Wilmington on DVDs: The Organizer (I Compagni)





Italy: Mario Monicelli, 1963 (Criterion Collection)



I. Marcello

We remember the younger Marcello Mastroianni best perhaps, romancing Sophia Loren or Catherine Deneuve, or living the sweet life in Rome or on a movie location — remember him as the most critically celebrated and internationally popular Italian film matinee idol of the ‘60s, in roles where he wore Armani suits (or suits that looked like Armanis) and sunglasses over which he peered with a bemused grin: roles like the lady killing publicist “Marcello” of Fellini’s La Dolce Vita, or the philandering cineaste Guido of 8 ½.

But one of Mastroianni’s best ‘60s parts, one of the Mastroianni roles and movies that I love best, and one too often sadly unseen or neglected today, was a threadbare, homeless academic, a myopic labor union activist, in the industrial city of Turin in the late 1800s: the impoverished  but totally dedicated Professor Sinigaglia.

The Professor (as everyone calls him) is the unforgettable central figure of writer-director Mario Monicelli’s great, neglected comedy-drama on Italy’s 19th century labor struggles,  The Organizer (I Compagni). And, unlikely as it first may seem, this seemingly off type part is one of the signature roles and finest performances of Mastroianni’s entire stellar career  — a role for which he seems initially all wrong, but proves superlatvely right.

The film, photographed in pungent black and white by Giuseppe Rottuno (who shot Luchino Visconti‘s working class epic Rocco and His Brothers and also Visconti‘s masterpiece on the Sicilian aristocracy, The Leopard), begins with  a credit sequence over what seem to be daguerreotypes of 19th century workers and factories, with a rowdy ballad (complete with irreverent lip-farts) on the soundtrack. And Monicelli spends The Organizer’s first half hour or so, without showing us the organizer himself. Instead he shows us gray, dusty Turin and its textile factory, and its workers and some of its manipulative (and deceptively genial) managers, like Maestro di Meo (Francois Perier).
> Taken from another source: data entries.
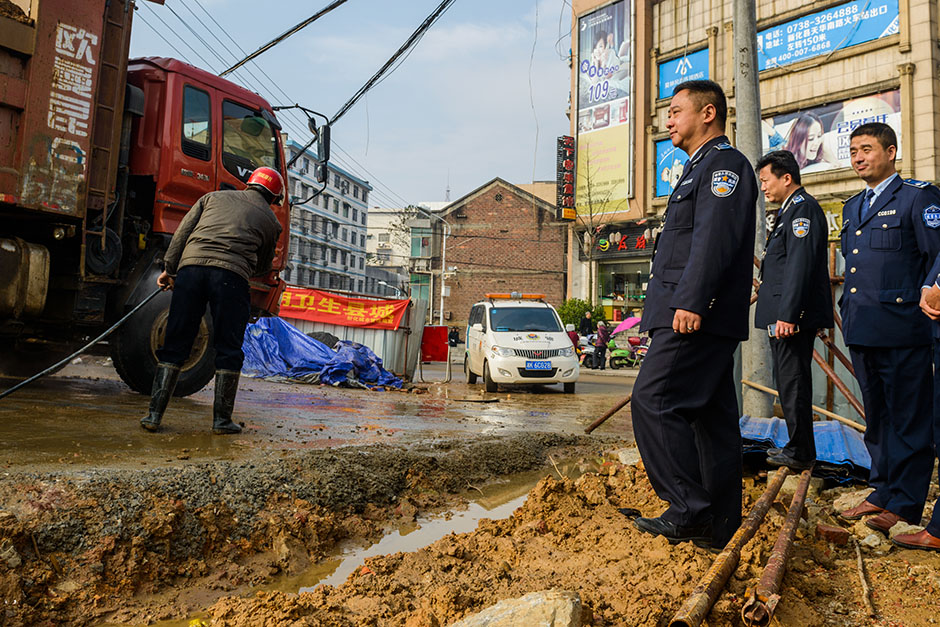 下午3时许，记者跟随城管队员到一个建筑工地进行检查。在工地上，只见3名工人正在对进出的车辆进行清洗。 该建筑工地项目部的工作人员向前来检查的城管队员表示，他们专门聘请工人对出入的车辆进行清洗。所有车辆必须冲洗干净才能驶出工地，保证绝不会让一辆脏车进城。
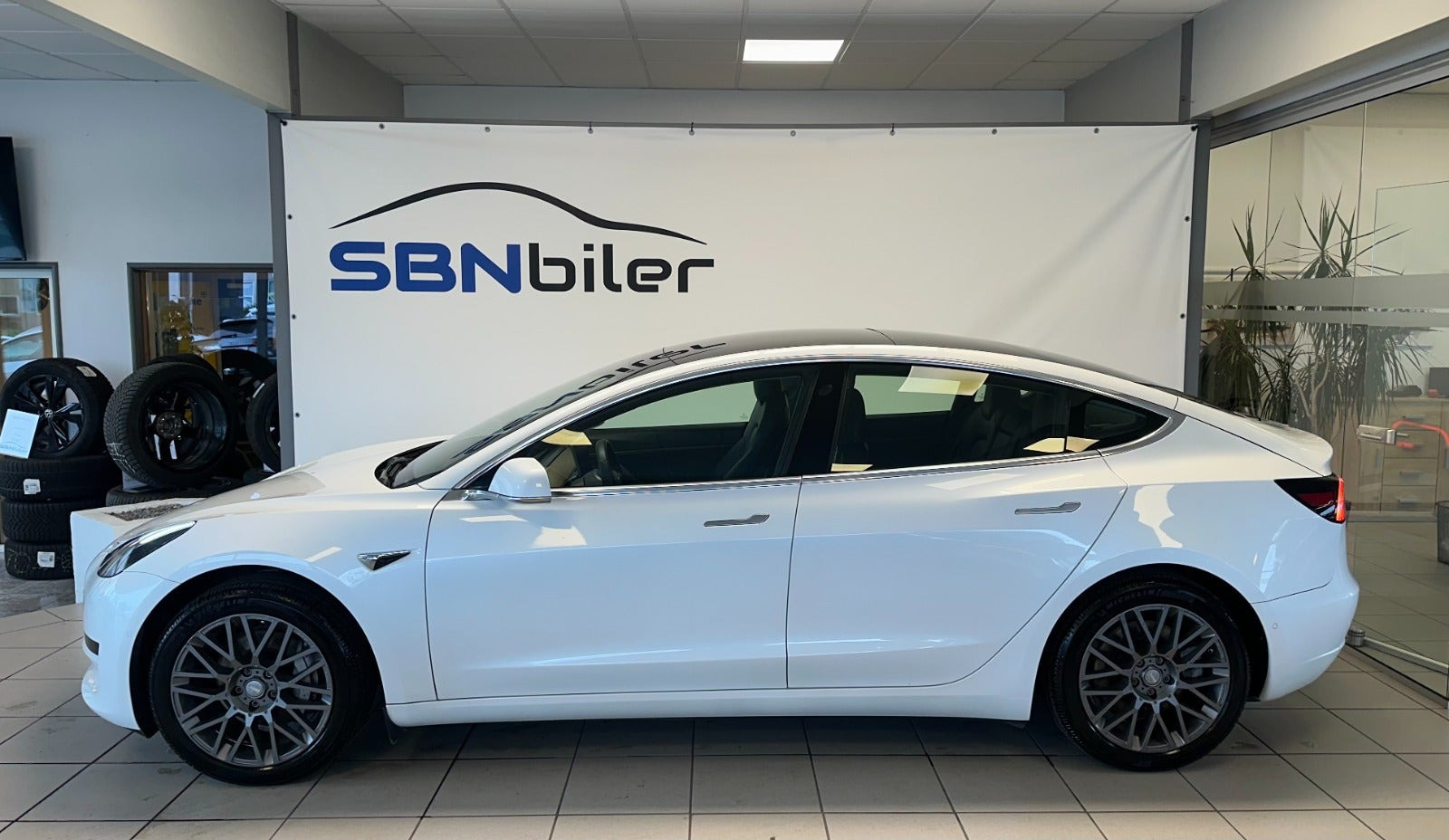 Hvid Tesla Model 3 fra 2020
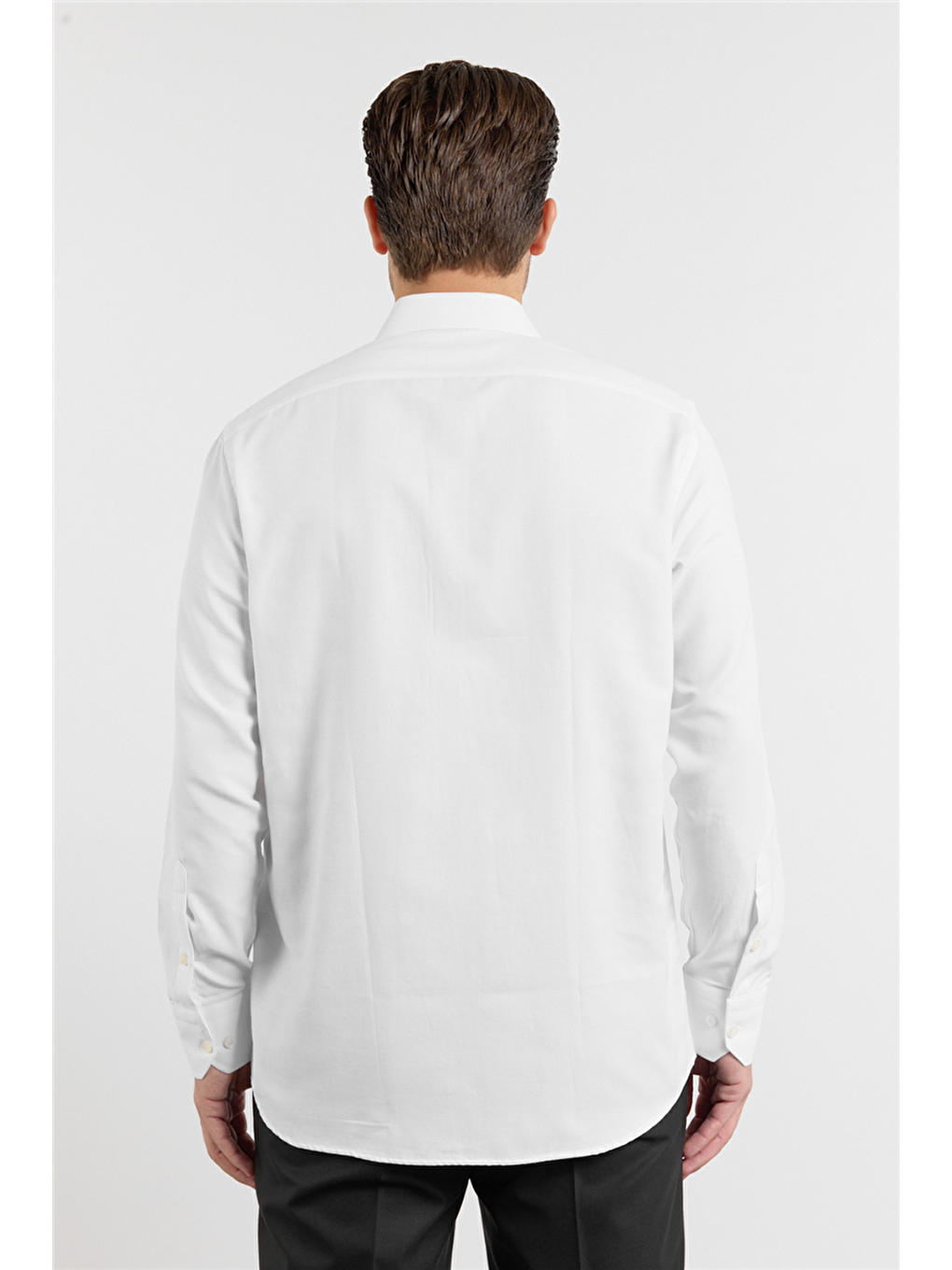 Beyaz Kendinden Desenli Sert Yaka Uzun Kol Cepli Comfort Fit Pamuklu Gömlek 1004255206-4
When we meet Mastroianni’s Sinigaglia, we have become fully aware that the Turin workers are being badly mistreated and exploited — and that they’re also a very likable bunch that includes Renato Salvatori (also of Rocco and His Brothers) as Raoul the skeptical womanizer; Bernard Blier (Bertrand Blier’s father and one of France‘s legendary  movie character actors) as sad-eyed Martinetti, the workers’ leader; Folco Lulli as Pautasso, a hard-drinking bear; and young worker Omero (Franco Ciolli) and his younger schoolboy brother. We’re also aware that that the managers are seemingly friendly but contemptuous of them — and that the  elderly, wheel chair-bound factory owner is particularly disdainful of the “proletariat.”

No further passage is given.